The statistics is that as much as 95% of traders come to losing their money at Forex, 5% have profit and less than 1% of traders make large fortune at Forex. You shouldn't produce, sell or advertise anything trading at Forex. Your assets are your knowledge, experience and a small amount of cash.

This market is a platform for banks, transnational corporations and individual traders to change the currencies they possess into other ones.

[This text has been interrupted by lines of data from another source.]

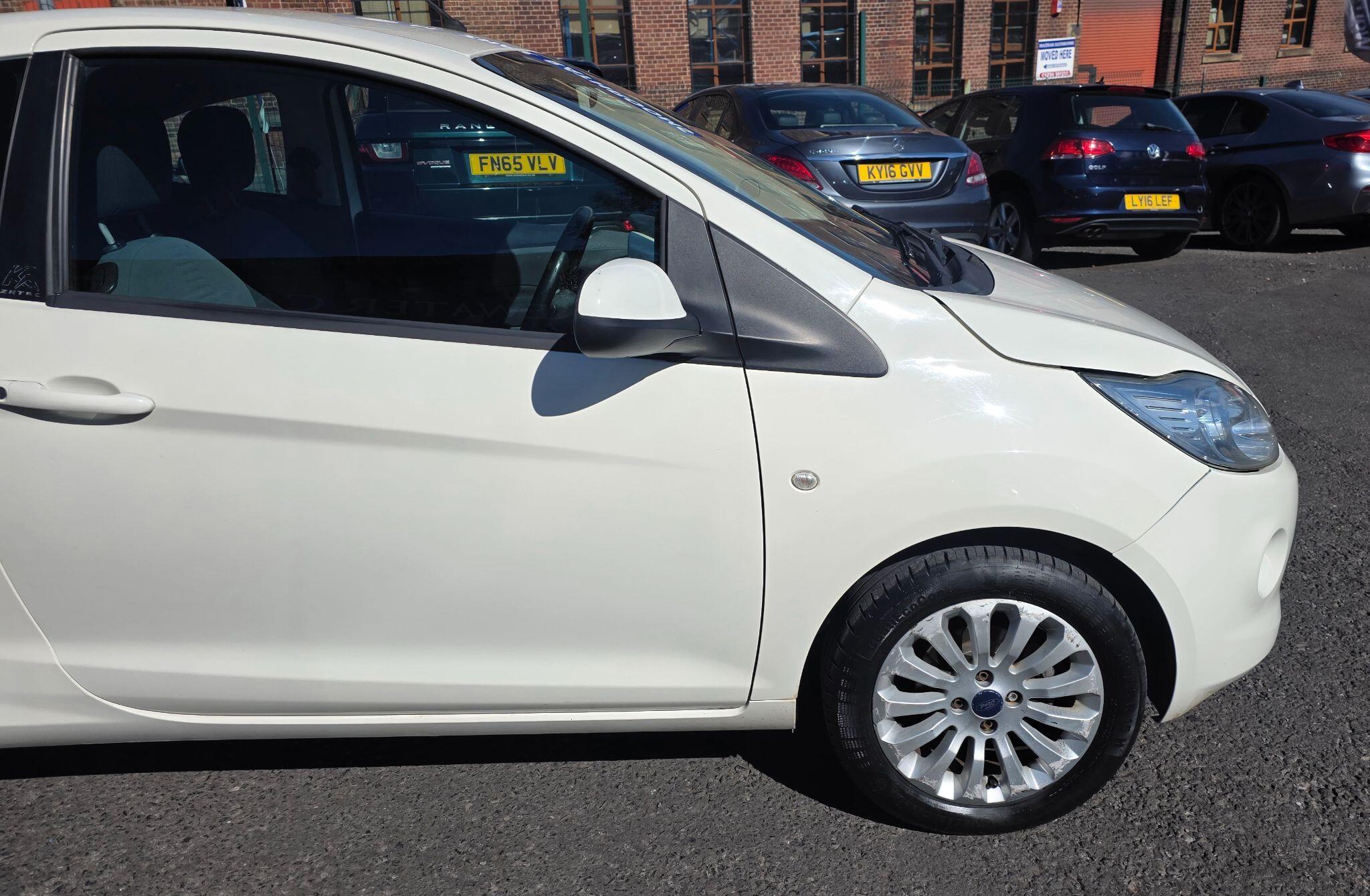 Ford KA - Image 9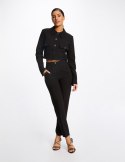 Morgan Pants PINA.F NOIR Morgan Pants PINA.F NOIR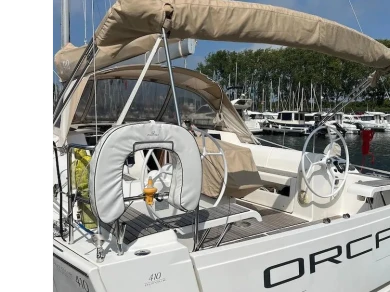 Hire Sailboat with or without skipper Fountaine Pajot Larmor-Plage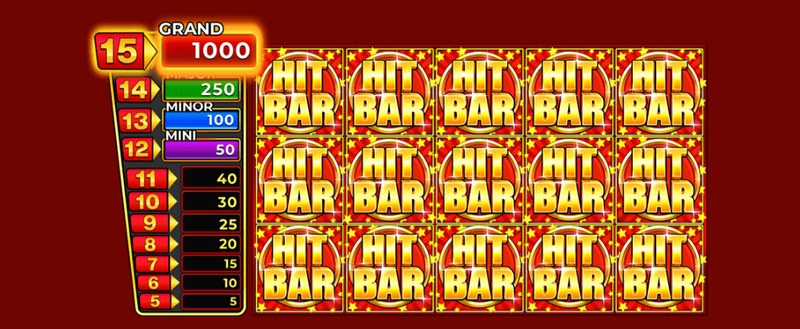 《热辣财富》——点燃好运的财富盛宴! 4 热辣财富再旋转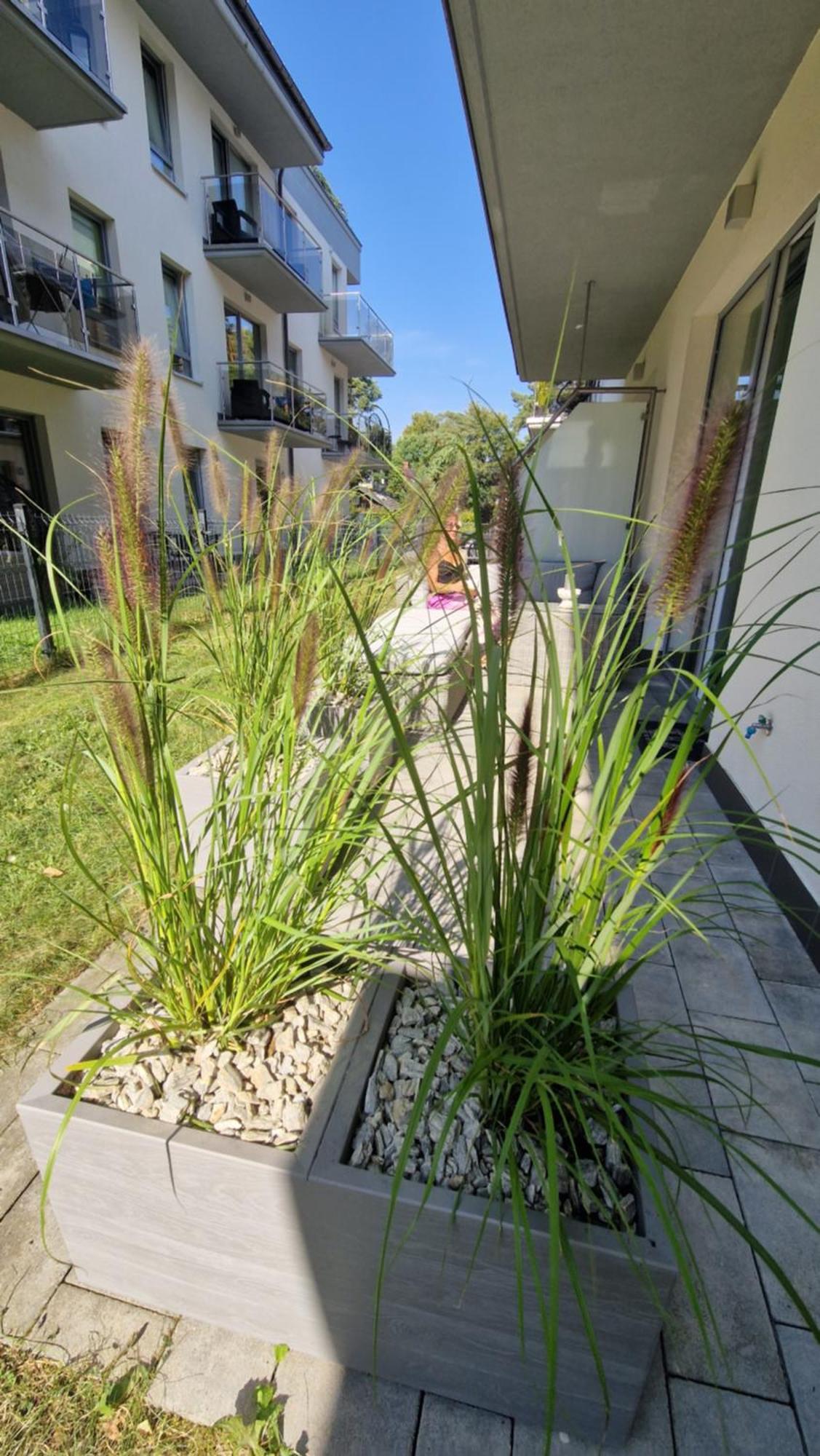 Maxim Apartment Pobierowo Dış mekan fotoğraf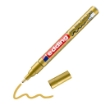 Picture of Edding 751 Gloss Paint Marker Gold – Ακρυλικός Μαρκαδόρος Gloss Χρυσός 1-2mm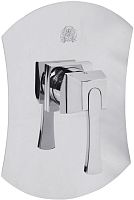 Смеситель Migliore Opera 19045 С ВНУТРЕННЕЙ ЧАСТЬЮ, для душа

This is the spot Forex market. At this market you can trade with up to 1:400 leverage which means that you'll get $400 on your account for each dollar invested. So, you can trade with the $400,000 sum having invested $1,000 onto your account.

Forex is unique among other world markets because in any time of day and night, somewhere in the world, a financial centre is open for business, banks and corporations exchange currency all the time, with a little lower frequency during the weekend.

Why to trade on Forex?

1. There is no commission fee for trading at Forex.
2. There is no intermediary, you can trade directly at Forex.
3. Forex is open 24-hours a day.
4. Nobody can influence the market for a longer period.
5. High liquidity.
6. Free demo accounts, analysis and charts.
7. Small accounts that allow everyone to try out his luck.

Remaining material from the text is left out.